Martin Thompson, High-Performance & Low-Latency Specialist at Real Logic / Track Host

Martin Thompson

Biography: Martin Thompson

Martin is a high-performance and low-latency specialist, with experience gained over two decades working with large scale transactional and big-data domains, including automotive, gaming, financial, mobile, and content management. He believes Mechanical Sympathy - applying an understanding of the hardware to the creation of software - is fundamental to delivering elegant, high-performance, solutions. Martin was the co-founder and CTO of LMAX, until he left to specialise in helping other people achieve great performance with their software. The Disruptor concurrent programming framework is just one example of what his mechanical sympathy has created. 

Twitter: @mjpt777
Video presentations: 4YOW! 2011: Martin Thompson - On Concurrent Programming and Concurrency Folklore

Presentation: Event Sourced Architectures and what we have forgotten about High-Availability

Track: Highly-available systems / Time: Wednesday 16:40 - 17:40 / Location: Fleming

The performance requirements of financial exchanges and high-frequency trading algorithms have driven all their designs to evolve, and nearly all these evolutions end up as variants of the event sourced design pattern. This pattern has proven to be one of the most successful when extreme transaction throughput at very low-latency are primary requirements, especially on highly-contended data. In addition, event sourced designs are perfectly deterministic which can be very useful when designing a highly-available solution.

Event sourcing is a relatively new term coined by Martin Fowler in 2005, however the techniques underlying it are routed in great technology going back to the 1970s in systems such as the Tandem NonStop. This talk will explore the benefits of event sourced designs as a basis for your architecture and shows how there are alternatives to suffering the curse that is now JEE.

The speaker will share two decades of his experience using event sourced designs and the benefits they have for supporting cross-cutting concerns such as high-availability, performance, security and auditing. These techniques have been applied across a range of domains including finance, insurance, mobile and automotive industries.

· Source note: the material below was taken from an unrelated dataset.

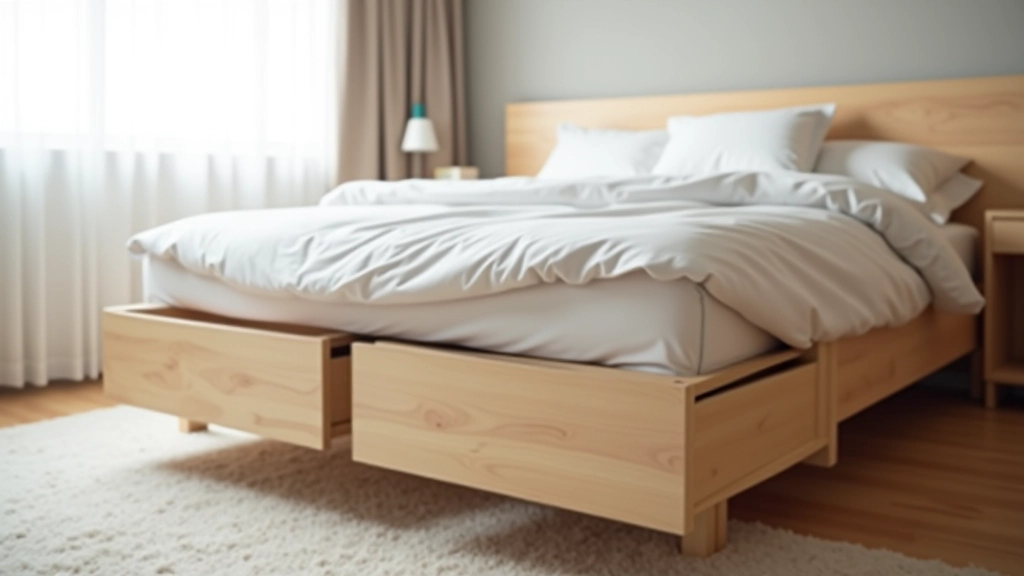 Modern bed frame with integrated pull-out storage drawers and a light wood finish, neatly organized bedding and decorative pillows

Presentation: Thursday Introduction

Track: Keynote / Time: Thursday 08:45 - 09:00 / Location: To be announced

Thursdays Track Hosts will present the program and provide a short introduction to the Tracks of the day

Presentation: Lock-free Algorithms for Ultimate Performance

Track: Finance / Time: Thursday 16:40 - 17:40 / Location: Henry Moore Room

In the challenge to reach the lowest possible latencies, as we push the boundaries of transaction processing, the good old fashioned lock imposes too much contention on our algorithms. This contention results in unpredictable latencies when we context switch into the kernel, and in addition limits throughput as Little’s law kicks in. Lock-free and wait-free algorithms can come to the rescue by side-stepping the issues of locks, and when done well can even avoid contention all together. However, lock-free techniques are not for the faint hearted. Programming with locks is hard. Programming using lock-free techniques is often considered the realm occupied only by technical wizards.

This session aims to take some of the fear out of non-locking techniques. Make no mistake this is not a subject for beginners but if you are brave, and enjoy understanding how memory and processors really work, then this session could open your eyes with what is possible if you are willing to dedicate the time and effort in this amazing subject area.

The attendees will learn the basics of how modern Intel x86_64 processors work and the memory model they implement that forms the foundations for lock-free programming. Empirical evidence will be presented to illustrate the raw throughput and potential latencies that can be achieved when using these techniques.